Question

A factory worker moves a 24.0 kg crate a distance of 4.90 m along a level floor at constant velocity by pushing horizontally on it. The coefficient of kinetic friction between the crate and the floor is 0.200.

1. What magnitude of force must the worker apply?
2. How much work is done on the crate by the worker's push?
3. How much work is done on the crate by friction?
4. How much work is done by normal force?
5. What is the net work done on the crate?

Answer 1

1) The magnitude of force that the worker must apply is 47.074 newtons, 2) The work done by the worker's push is 230.663 joules, 3) The work done by friction is -230.661 joules, 4) The work done by normal force is 0 joules, 5) The net work done on the crate is 0 joules.

Step-by-step explanation:

1) The magnitude of the force that worker must apply must be equal to the kinetic friction force between the crate and the floor. (Newton's Third Law) As the box moves at constant velocity, net force of the system must be zero. (Newton's Second Law). The equations of equilibrium for the crate are, respectively:

(Parallel to ground)

`\Sigma F_(x) = P - \mu_(k)\cdot N = 0`

(Perpendicular to ground)

`\Sigma F_(y) = N - m\cdot g = 0`

Where:

`P` - Force exerted on the crate by the worker, measured in newtons.

`N` - Normal force, measured in newtons.

`m` - Mass of the crate, measured in kilograms.

`g` - Gravitational constant, measured in meters per square second.

`\mu_(k)` - Coefficient of kinetic friction, dimensionless.

The magnitude of the force is obtained after reducing the system of equations and replacing every known variable:

`P = \mu_(k)\cdot m \cdot g`

If
`\mu_(k) = 0.200`,
`m = 24\,kg` and
`g = 9.807\,(m)/(s^(2))`, the magnitude of the force is:

`P = (0.200)\cdot \left(24\,kg\right)\cdot \left(9.807\,(m)/(s^(2)) \right)`

`P = 47.074\,N`

The magnitude of force that the worker must apply is 47.074 newtons.

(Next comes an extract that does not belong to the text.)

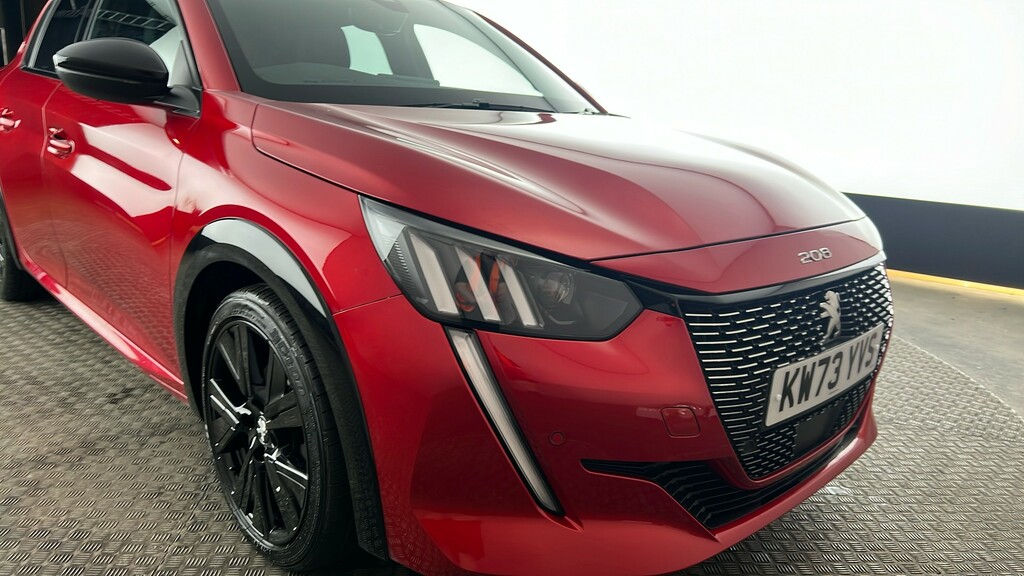 Peugeot 208 Allure Premium Red #19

2) As force is constant and parallel to motion, the work done on the crate by the worker is calculated by multiplying the force by the travelled distance:

`W_(P) = (47.074\,m)\cdot (4.90\,m)`

`W_(P) = 230.663\,J`

The work done by the worker's push is 230.663 joules.

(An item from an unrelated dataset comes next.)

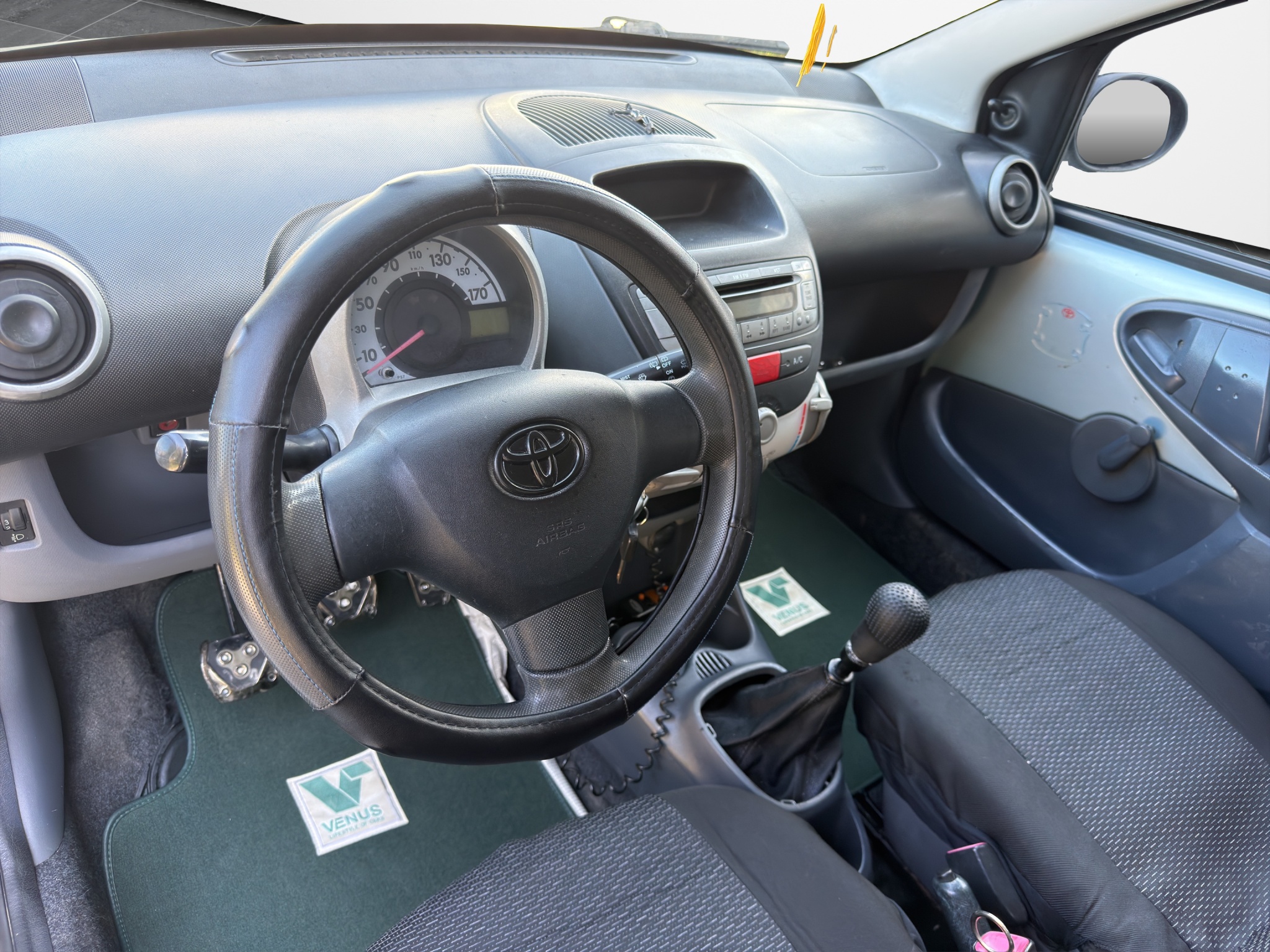 Toyota Aygo 1.0 2009 - 12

3) Friction force is constant and antiparallel to motion. The work done by the friction is equal to the product of the friction force and the travelled distance. That is:

`W_(f) = -(0.200)\cdot (24\,kg)\cdot \left(9.807\,(m)/(s^(2)) \right)\cdot (4.90\,m)`

`W_(f) = -230.661\,J`

The work done by friction is -230.661 joules.

4) Since normal force is perpendicular to motion. The work done by the normal force is zero.

`W_(N) = 0\,J`

The work done by normal force is 0 joules.

5) The net work done on the crate is equal to the following sum:

`W_(net) = W_(P) + W_(f) + W_(N)`

If
`W_(P) = 230.663\,J`,
`W_(f) = -230.661\,J` and
`W_(N) = 0\,J`, the net work done on the crate is:

`W_(net) = 230.663\,J - 230.661\,J + 0\,J`

`W_(net) = 0\,J`

The net work done on the crate is 0 joules.